Six months after my departure and hundreds of miles away, I’m still licking my wounds. So when David offers me his hand, I take it gladly. Moments of respite are few and far between in this business, and David is one person who would understand exactly what I’m feeling—if I had the courage to tell him.
“Do you think they’re laying odds yet?” He smiles over my shoulder at the interested audience our two-step has garnered.
I want to laugh, but something about this wedding has gotten under my skin, made me feel vulnerable. I came to Nashville to escape the loneliness and conflict of being a single woman minister in a small
town. Yet except for David and LaRonda, my best girlfriend from my divinity school days, I’ve had little success in widening my social circle. It doesn’t help that Valentine’s Day is next week.
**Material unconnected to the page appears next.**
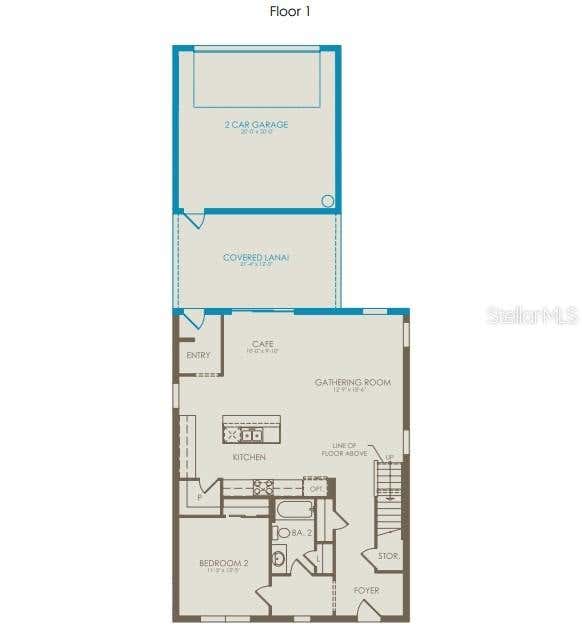 Photo of 10450 Glowing Beacon Street, Orlando, FL 32829 (MLS # O6407629)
“I think my parishioners have moved beyond betting on my love life. They’ve resorted to prayer.” The moment I say those words, I want to take them back. The one thing I like about David is that I never get any pity from him. Only good-natured ribbing, and lots of it.
He twirls me around and then smoothly guides me across the floor. “I wouldn’t worry until they start organizing twenty-four-hour prayer vigils.”
I laugh. I always do when I’m around David. I laugh a lot in general, too. I think it’s one of the better aspects of my personality, although I haven’t had much opportunity for laughter in the past few years. No one thinks you have a sense of humor if you’re a preacher. They refuse to tell you the risqué jokes. Conversation grinds to a halt at your approach. This line of thinking is too depressing to pursue while dancing with David, so I change the subject.
“What’s new at St. Helga’s?” It’s been a tough year for the parishioners since a tornado ripped through the sanctuary. They’ve been worshiping in their activity center for months while the debris is being cleared away. Currently, David is refereeing the design of the new “worship center”—apparently sanctuaries are passé.
He grimaces. “The vestry has formed a subcommittee to hold listening conferences about rebuilding.”
“I’m in prayer for you, friend.” We shake our heads over this development. Church committees move at glacial speed. Listening conferences (also known as gripe sessions) progress at the speed of
geological epochs. At this rate David will be preaching from underneath a basketball goal for the next twenty years.
He shrugs. “This too shall pass.”
I admire his stoicism. He twirls me around at the far end of the dance floor. “So, what are you up to after this?”
I sigh. “Quality time with my remote control. A pizza with everything if I’m feeling truly dangerous.”
“How about a movie?”
I’m immediately on my guard. Action flicks are David’s secret vice, his guilty pleasure. “Not if it involves Schwarzenegger, Vin Diesel, or Will Smith.”
“What do you suggest? Romantic comedy?”
“How about
Pride and Prejudice
meets
The Matrix?”
Laughing with David is
my
guilty pleasure. And one I sorely need tonight.